## [EXERCISE DATA]
###

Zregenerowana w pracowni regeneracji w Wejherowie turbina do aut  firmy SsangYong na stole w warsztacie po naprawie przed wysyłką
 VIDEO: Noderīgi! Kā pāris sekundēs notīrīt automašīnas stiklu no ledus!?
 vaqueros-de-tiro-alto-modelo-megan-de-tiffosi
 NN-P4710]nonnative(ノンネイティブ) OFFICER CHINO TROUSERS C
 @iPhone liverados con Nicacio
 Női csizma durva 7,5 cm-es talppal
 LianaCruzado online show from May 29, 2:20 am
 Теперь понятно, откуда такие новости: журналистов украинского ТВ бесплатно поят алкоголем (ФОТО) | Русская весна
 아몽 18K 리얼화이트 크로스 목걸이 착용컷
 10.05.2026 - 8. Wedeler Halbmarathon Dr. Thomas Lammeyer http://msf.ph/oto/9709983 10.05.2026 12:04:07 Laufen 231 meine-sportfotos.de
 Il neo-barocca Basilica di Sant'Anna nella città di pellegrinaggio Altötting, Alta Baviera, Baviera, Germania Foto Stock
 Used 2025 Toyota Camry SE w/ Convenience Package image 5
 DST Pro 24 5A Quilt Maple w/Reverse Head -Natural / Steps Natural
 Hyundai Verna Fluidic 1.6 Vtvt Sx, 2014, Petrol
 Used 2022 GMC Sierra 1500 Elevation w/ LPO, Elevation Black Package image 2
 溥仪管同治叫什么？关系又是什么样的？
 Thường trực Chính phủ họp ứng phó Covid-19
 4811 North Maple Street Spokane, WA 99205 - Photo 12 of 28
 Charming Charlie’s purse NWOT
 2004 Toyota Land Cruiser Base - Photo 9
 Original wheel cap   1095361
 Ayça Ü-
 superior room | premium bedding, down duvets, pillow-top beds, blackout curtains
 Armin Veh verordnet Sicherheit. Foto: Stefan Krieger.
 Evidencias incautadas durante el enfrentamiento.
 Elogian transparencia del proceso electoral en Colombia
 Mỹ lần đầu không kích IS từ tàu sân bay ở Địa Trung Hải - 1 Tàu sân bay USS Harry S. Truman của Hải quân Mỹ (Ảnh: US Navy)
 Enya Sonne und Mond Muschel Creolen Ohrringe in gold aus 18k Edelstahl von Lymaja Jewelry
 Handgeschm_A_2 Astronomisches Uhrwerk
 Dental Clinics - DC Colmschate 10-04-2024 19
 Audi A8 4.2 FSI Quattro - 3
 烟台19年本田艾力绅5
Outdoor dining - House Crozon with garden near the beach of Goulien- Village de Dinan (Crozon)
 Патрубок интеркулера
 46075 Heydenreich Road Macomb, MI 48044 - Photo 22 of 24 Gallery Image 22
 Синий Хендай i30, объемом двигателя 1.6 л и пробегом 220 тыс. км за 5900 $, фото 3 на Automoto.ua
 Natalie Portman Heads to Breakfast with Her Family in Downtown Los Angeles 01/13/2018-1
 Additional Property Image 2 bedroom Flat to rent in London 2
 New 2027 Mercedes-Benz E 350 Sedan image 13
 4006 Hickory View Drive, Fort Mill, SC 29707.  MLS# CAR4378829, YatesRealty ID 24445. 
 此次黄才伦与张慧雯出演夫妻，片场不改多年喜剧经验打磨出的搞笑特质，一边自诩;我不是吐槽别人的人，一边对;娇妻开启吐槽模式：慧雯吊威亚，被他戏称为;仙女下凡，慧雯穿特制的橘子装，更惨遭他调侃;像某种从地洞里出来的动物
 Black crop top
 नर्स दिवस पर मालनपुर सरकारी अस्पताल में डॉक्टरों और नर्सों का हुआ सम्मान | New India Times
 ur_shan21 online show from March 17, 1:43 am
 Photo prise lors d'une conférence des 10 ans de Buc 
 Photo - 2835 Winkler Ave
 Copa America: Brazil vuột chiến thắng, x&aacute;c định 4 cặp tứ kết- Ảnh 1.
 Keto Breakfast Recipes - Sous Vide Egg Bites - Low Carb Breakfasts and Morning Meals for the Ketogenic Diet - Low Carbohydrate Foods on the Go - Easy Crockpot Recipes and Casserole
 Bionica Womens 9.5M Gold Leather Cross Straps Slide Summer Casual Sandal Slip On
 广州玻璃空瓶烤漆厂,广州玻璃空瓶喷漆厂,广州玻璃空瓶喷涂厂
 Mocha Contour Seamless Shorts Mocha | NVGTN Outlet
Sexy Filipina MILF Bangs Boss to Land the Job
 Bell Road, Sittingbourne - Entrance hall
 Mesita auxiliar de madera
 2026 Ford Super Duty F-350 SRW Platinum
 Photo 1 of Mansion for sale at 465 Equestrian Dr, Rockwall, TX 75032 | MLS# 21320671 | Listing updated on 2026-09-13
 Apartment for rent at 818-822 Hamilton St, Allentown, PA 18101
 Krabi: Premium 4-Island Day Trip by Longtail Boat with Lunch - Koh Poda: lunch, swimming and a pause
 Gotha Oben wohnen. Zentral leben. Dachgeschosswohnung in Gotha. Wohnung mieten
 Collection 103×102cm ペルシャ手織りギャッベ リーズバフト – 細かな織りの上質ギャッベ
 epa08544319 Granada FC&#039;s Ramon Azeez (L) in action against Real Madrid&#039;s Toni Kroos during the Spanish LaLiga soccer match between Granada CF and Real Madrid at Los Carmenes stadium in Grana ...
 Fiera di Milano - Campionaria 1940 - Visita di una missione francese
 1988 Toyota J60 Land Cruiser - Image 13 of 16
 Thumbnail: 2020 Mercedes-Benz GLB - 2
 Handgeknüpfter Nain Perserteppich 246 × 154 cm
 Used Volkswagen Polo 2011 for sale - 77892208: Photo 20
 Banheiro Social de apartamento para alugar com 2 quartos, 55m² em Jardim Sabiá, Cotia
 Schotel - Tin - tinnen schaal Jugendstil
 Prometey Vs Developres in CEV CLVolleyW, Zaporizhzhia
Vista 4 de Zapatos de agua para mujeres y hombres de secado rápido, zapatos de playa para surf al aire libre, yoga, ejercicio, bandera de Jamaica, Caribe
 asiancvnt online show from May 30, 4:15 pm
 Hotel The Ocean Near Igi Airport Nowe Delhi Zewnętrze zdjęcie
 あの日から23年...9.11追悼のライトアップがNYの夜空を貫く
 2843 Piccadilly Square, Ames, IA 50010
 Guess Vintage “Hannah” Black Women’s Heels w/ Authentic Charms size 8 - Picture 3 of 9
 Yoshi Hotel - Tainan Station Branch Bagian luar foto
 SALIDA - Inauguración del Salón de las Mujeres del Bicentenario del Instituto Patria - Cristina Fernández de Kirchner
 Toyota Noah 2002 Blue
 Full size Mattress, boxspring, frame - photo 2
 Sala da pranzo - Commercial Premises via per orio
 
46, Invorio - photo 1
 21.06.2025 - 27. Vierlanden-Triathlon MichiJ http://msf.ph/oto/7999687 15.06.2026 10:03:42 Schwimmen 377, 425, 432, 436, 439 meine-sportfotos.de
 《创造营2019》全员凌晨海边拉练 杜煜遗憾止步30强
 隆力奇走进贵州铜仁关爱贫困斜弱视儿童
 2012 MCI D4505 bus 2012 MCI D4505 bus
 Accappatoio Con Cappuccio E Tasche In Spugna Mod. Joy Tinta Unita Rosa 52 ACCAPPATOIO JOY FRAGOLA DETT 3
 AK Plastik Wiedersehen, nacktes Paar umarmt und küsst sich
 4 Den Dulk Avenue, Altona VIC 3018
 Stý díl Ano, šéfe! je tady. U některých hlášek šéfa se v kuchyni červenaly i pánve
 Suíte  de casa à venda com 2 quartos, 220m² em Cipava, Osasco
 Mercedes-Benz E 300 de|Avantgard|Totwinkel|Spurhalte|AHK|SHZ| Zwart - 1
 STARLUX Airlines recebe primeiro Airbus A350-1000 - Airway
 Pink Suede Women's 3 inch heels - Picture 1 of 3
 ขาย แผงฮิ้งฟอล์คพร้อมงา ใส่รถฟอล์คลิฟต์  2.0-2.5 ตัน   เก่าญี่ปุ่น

###

## [REQUIREMENT]
Quote the listing word for word from its first line through the line in which "Elogian transparencia del" appears.

## [WRITTEN REPLY]
Zregenerowana w pracowni regeneracji w Wejherowie turbina do aut  firmy SsangYong na stole w warsztacie po naprawie przed wysyłką
 VIDEO: Noderīgi! Kā pāris sekundēs notīrīt automašīnas stiklu no ledus!?
 vaqueros-de-tiro-alto-modelo-megan-de-tiffosi
 NN-P4710]nonnative(ノンネイティブ) OFFICER CHINO TROUSERS C
 @iPhone liverados con Nicacio
 Női csizma durva 7,5 cm-es talppal
 LianaCruzado online show from May 29, 2:20 am
 Теперь понятно, откуда такие новости: журналистов украинского ТВ бесплатно поят алкоголем (ФОТО) | Русская весна
 아몽 18K 리얼화이트 크로스 목걸이 착용컷
 10.05.2026 - 8. Wedeler Halbmarathon Dr. Thomas Lammeyer http://msf.ph/oto/9709983 10.05.2026 12:04:07 Laufen 231 meine-sportfotos.de
 Il neo-barocca Basilica di Sant'Anna nella città di pellegrinaggio Altötting, Alta Baviera, Baviera, Germania Foto Stock
 Used 2025 Toyota Camry SE w/ Convenience Package image 5
 DST Pro 24 5A Quilt Maple w/Reverse Head -Natural / Steps Natural
 Hyundai Verna Fluidic 1.6 Vtvt Sx, 2014, Petrol
 Used 2022 GMC Sierra 1500 Elevation w/ LPO, Elevation Black Package image 2
 溥仪管同治叫什么？关系又是什么样的？
 Thường trực Chính phủ họp ứng phó Covid-19
 4811 North Maple Street Spokane, WA 99205 - Photo 12 of 28
 Charming Charlie’s purse NWOT
 2004 Toyota Land Cruiser Base - Photo 9
 Original wheel cap   1095361
 Ayça Ü-
 superior room | premium bedding, down duvets, pillow-top beds, blackout curtains
 Armin Veh verordnet Sicherheit. Foto: Stefan Krieger.
 Evidencias incautadas durante el enfrentamiento.
 Elogian transparencia del proceso electoral en Colombia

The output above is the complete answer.